If you’ve every watched a sports movie, then you’re familiar with the scene where the underdog team watches video of the competition and freaks out a little because of how good they are. A seasoned coach might point out vulnerabilities in the competition, but by the end of the movie, the underdog team defeats the reigning champs and comes out on top.
There’s a reason scenes like these play out in almost every sports movie: Spying on the competition is the norm because it gives you insight into their strategies and helps you learn.
In ecommerce, part of doing business is keeping a close eye on what the competition is doing. This way you can
- fill product gaps your competitors have overlooked;
- upgrade your social media and advertising strategies;
- update your website and content marketing strategy;
- improve your pricing model; and
- update your product selection.
There are obvious ways — such as low-key following of competitors on social media — that brands use to get their hands on competitor insights but there are also less obvious ways your competitors spy on you. Here’s a look at what these options are and how you, too, can use them to spy.
Before we dive in, we should take a step back to explore what competitor insights are.
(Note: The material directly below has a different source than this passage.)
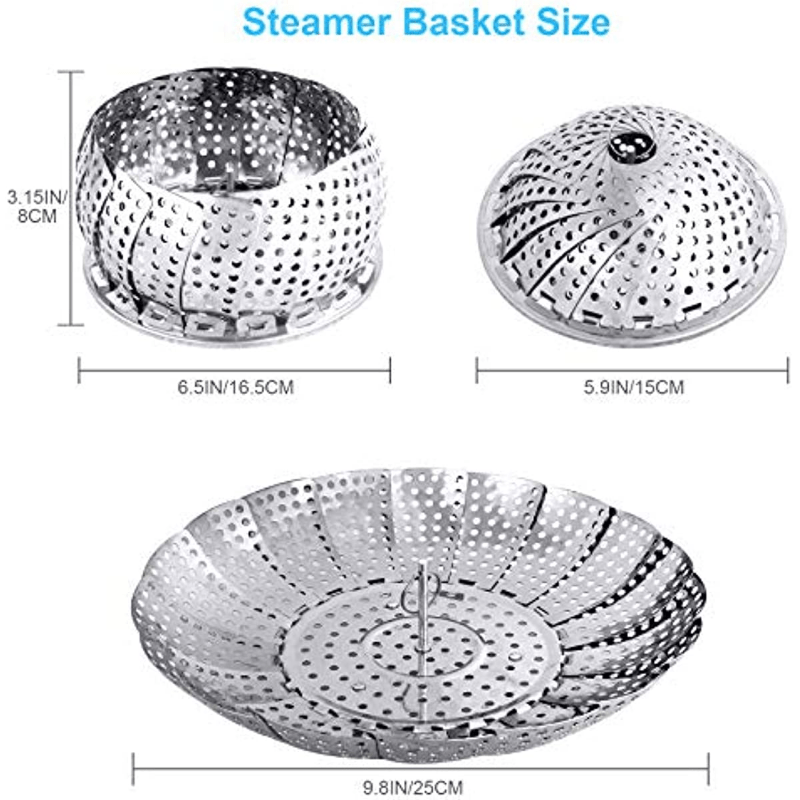 Lot-of-2-Stainless-Steel-Folding-Steamer-Steam-Vegetable-Basket-Mesh-Expandable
Competitor insights are the data you collect on other businesses in your niche to identify strengths and weaknesses that you compare to your business. The insights help you understand how good or bad a job you’re doing compared with your competitors and help you identify what changes you need to make to stand out.
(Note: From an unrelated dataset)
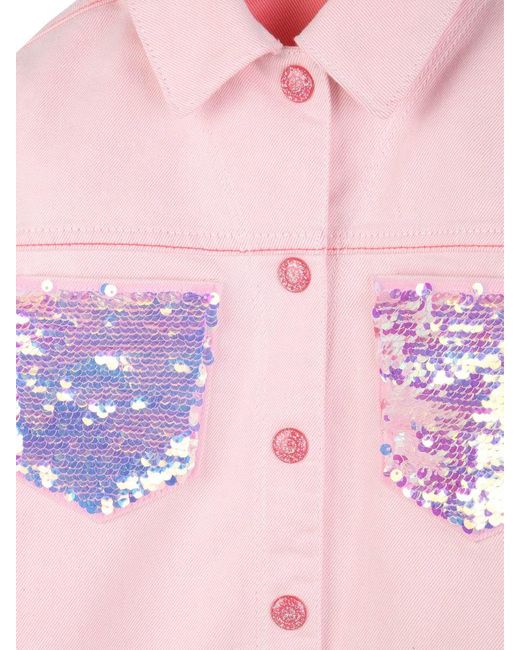 Billieblush Pink Giacchetto Di Jeans Con Paillettes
The process of collecting competitor insights includes four steps. These steps ensure that you get the information you need to add value to your products, store, and processes:
- Figure out who your competitors are. Look for other stores that sell similar products, cater to the same audience, and are a similar size as you. If you’ve been selling home-decor items for a year, don’t compare yourself to Wayfair, which has been in business longer and has a large audience. Comparing yourself to brands that are further along than you gives you lots of good information, but there’s just no way for you to compete when the playing field isn’t even.
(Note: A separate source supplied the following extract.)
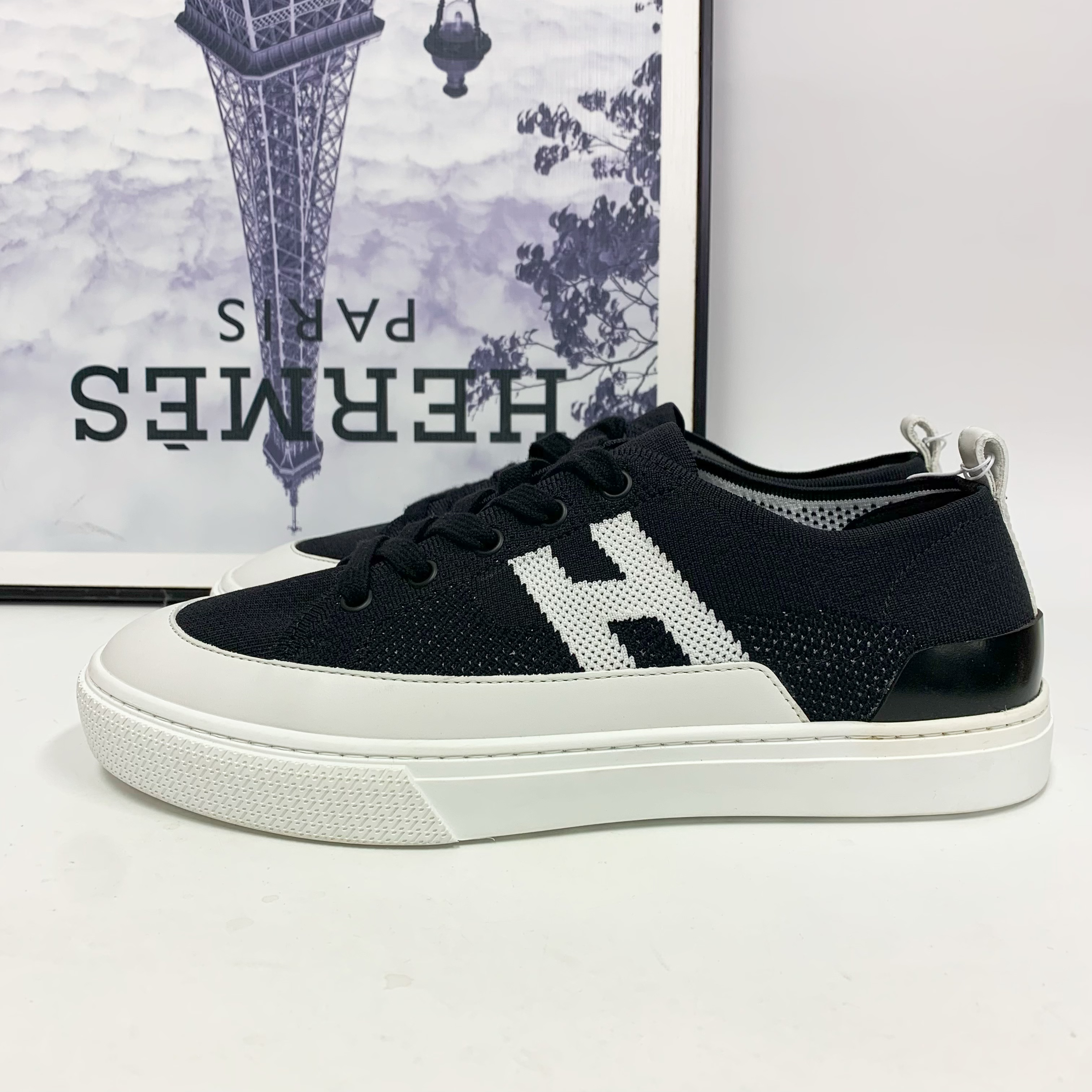 全新未使用 Hermes/爱马仕 爱马仕deep系列黑色针织面板鞋透气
- Decide what marketing pillars to focus on. When it comes to the 4P’s of marketing — product, price, promotion, and place — you don’t have to focus on gathering insights for all of these areas at once. Instead, track and analyze competitor insights in phases. For example, focus on product insights first and pricing afterward.
- Create a strategy based on your findings. Once you have your competitive insights, create a strategy to incorporate them into your business. For example, if you find that many of your competitors offer more than one delivery option, test out different price points and features. Then, add the best options to your checkout flow.
- Analyze the new strategy and compare to competitors again. Once you’ve incorporated the findings from your competitor insights into your businesses, reassess where you rank compared with your competitors. Are you getting more traffic now? Are your product reviews better than those of your competitors? Has your social media following grown?
This process allows for a structured approach to competitive insights. And now that we have a background of how insights work, let’s look at eight ways competitors spy on each other and how you can use each one.
More people are spending time on social media. In fact, some estimates put the average daily time spent on social media at 2 hours. Over a lifetime, that’s roughly 5 years and 4 months spent scrolling through news feeds. Users research and buy products online, which gives you a chance to learn how they engage with brands.
A social listening tool like Mention shows you how competitive marketing campaigns perform. The data you get gives you ideas for how you can adjust your own campaigns to compete better. While you can focus your insights on social media, Mention also shares insights from across the web — including competitive ecommerce blogs, videos, and forums.
Mention lets you run competitive analyses for different social media platforms as well. For example, if a competitor launches a campaign on Facebook and Instagram, you’re notified.
From the dashboard, you can create custom reports that focus on key competitors in your niche. Use your findings to upgrade your social marketing strategy to compete. For example, if your competition shares user-generated content (UGC) on social media, go one step further and create a branded hashtag and launch a contest that gets customers to share images of themselves using your products. Remember, social proof gives your products an edge over the competition.
What’s also helpful is that you can use Mention to track keywords to identify new competitors. Once you’re aware of new competition, you can create new reports that show you how these brands use social media. You’ll see what’s working and where you can add extra value to your audience’s experience.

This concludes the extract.